El Real Madrid pasó por Bogotá y dejó claro que con su jerarquía internacional, su saber estar en una cancha, tan solo necesita cinco minutos para sacar adelante los partidos, así se trate de un amistoso en el que se vio comprometido por tener un hombre de menos en la cancha a partir del minuto 20.

No es válido entrar a comparar las nóminas de Santa Fe y del Madrid. Con lo que le pagan a un solo crack del elenco ‘merengue’ sostienen a los rojos durante varios años. Santa Fe no sabe lo que es ganar un título desde el año 75 y el cuadro blanco en este lapso se ha cansado de ganarlo todo, incluyendo Champions, ligas y la Intercontinental.

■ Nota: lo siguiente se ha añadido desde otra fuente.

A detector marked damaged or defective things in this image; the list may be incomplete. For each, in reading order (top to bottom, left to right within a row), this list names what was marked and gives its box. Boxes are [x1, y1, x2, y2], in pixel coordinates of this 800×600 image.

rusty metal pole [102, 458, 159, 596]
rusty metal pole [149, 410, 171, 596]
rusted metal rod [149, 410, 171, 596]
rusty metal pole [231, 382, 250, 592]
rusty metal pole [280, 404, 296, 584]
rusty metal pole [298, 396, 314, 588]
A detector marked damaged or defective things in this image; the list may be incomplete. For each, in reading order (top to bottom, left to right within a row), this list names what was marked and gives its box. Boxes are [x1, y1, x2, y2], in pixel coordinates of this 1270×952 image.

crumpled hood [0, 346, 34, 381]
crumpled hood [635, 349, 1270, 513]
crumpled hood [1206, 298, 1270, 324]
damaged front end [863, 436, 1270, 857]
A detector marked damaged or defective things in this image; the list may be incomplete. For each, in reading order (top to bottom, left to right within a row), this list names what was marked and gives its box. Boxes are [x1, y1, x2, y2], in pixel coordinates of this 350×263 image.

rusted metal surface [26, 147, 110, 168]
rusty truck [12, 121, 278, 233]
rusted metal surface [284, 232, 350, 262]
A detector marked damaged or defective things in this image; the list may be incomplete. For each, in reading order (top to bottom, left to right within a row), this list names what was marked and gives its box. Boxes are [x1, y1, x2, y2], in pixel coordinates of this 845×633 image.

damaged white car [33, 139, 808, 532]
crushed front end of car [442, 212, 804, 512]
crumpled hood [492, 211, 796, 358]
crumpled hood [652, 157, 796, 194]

A este Santa Fe le falta lo que le sobra al Madrid: jerarquía. Se asustó con el resultado y con la posibilidad de ingresar en las páginas de los periódicos del mundo como el equipo colombiano que doblegó al Real Madrid. Mató al tigre y se asustó con el cuero. Tenía todo a su favor, pasando por el resultado, siguiendo con la condición física, pues el rival venía de un viaje de doce horas, a 2.600 metros de altitud y con un hombre menos, y pese a todo, terminó perdiendo porque un partido dura 90 minutos y exige concentración durante todo ese tiempo, ni un minuto más, ni un minuto menos.

Cuando Schuster mira al banco y encuentra soluciones en Robben, Saviola, Pepe y Rafael Van der Vart, el técnico Gómez termina ingresando al joven Céspedes, debutante internacional. Tremenda diferencia. Eso es jerarquía de nómina.

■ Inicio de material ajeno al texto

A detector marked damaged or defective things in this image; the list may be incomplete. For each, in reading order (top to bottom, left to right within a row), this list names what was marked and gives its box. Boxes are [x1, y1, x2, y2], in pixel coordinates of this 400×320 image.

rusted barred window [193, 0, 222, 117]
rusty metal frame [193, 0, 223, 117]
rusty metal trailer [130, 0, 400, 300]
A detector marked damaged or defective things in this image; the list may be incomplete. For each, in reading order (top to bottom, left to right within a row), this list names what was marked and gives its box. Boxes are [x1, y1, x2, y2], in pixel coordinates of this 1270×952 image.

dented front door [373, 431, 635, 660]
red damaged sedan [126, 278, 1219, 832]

Está muy lejos este Santa  Fe de ser un buen equipo. Distante en los movimientos colectivos de ataque donde falta precisión, talento y claridad. Distante en los movimientos que componen el ‘pressing’, pues todavía hay futbolistas  que juegan frontalmente y no se saben perfilar y todavía algunos siguen haciendo trabajos con referencia al hombre cuando sus compañeros están haciendo movimientos zonales a la pelota. A Gómez le costará mucho tiempo, sudor y lágrimas conseguir ensamblar totalmente este colectivo que  parece comprender el libreto táctico, pero desconoce jugar con la pelota y todavía no entiende el lenguaje de la estrategia. Esa transición, el desdoblamiento de fases defensiva-ofensiva, está todavía lejana.

Pasó el Real por Bogotá y sin desmelenarse, caminandito, apelando a su saber estar, ganó. Bastaron cinco minutos y dos caricias al balón por parte de Van der Vaart, uno que en su debut con la camiseta blanca demostró lo que es tener clase.